As with the process of neuroinflammation related to chronic nerve pain (See: Neuropathic Pain) and neurodegenerative brain diseases, EGC may also proliferate and become perpetually activated leading to the chronic inflammation associated with IBD. This is characterized by the ongoing release of multiple pro-inflammatory chemicals as well as stimulating the infiltration of other immune cells such as macrophages, neutrophils and mast cells.


Research indicates that CBD is a potent compound that may suppress enteroglial-mediated inflammation, leading to reduction of intestinal damage associated with acute and chronic intestinal gut inflammation. While the exact mechanisms responsible for the effects of CBD still remain unclear, CBD is  regarded as a promising therapeutic agent in the treatment of inflammatory bowel disorders. Clinical studies are needed to confirm the effectiveness of CBD.

Despite extensive pre-clinical evidence, only two studies have assessed the effectiveness of CBD. The only study assessing the efficacy of CBD in Crohn’s Disease (CD) was negative, with no improvement in disease activity as measured by a CD Activity Index (CDAI), as well as several laboratory parameters. Of note, however, the treatment was safe, and the negative results nay have been due to the small number of cases and the very low dose tested (10 mg, orally) as well as the lack of synergism with other cannabinoids. Another study addressed the effects of a CBD-rich botanical extract in Ulcerative Colitis (UC). This study found a lack of benefit and a lack of tolerability of the botanical extract. However, there was a trend toward improved quality of life scores suggesting that the CBD-rich botanical extract may have provided therapeutic benefit to those patients who tolerated it.

A recent meta-analysis that reviewed the evidence of cannabis and CBD on UC and CD was unable to make any definitive conclusions on their safety or effectiveness in IBD. It was concluded that further studies with a larger number of patients, different doses and routes of administration are still necessary and the use of CBD and other phytocannabinoids should be considered for clinical studies.

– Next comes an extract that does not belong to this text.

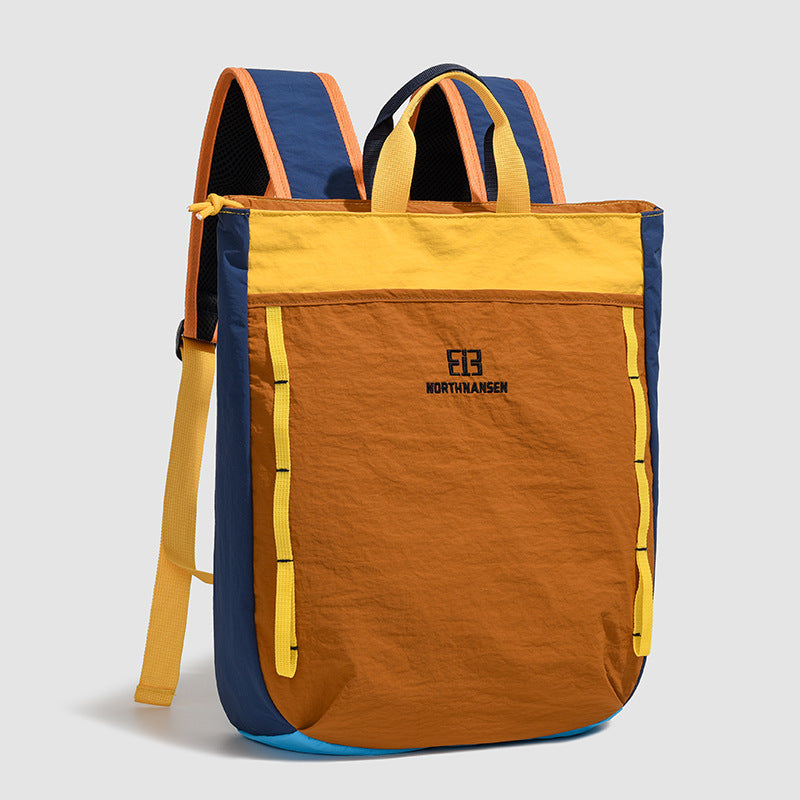 Versatile Urban Adventure Backpack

Neurodegenerative Disorders

Alzheimer Dementia (AD)

Alzheimer’s dementia (AD) is a type of dementia in which deposits of “senile” plaques form in the brain. These plaques consist of a neurotoxic substance called beta-amyloid peptide (Aβ) and they contribute to inflammation and oxidative stress, both crucial components of AD. Microglia are immune cells found in the nervous system that when activated under certain condions produce pro-inflammatory chemicals (cytokines ) that increase Aβ production by nerve cells.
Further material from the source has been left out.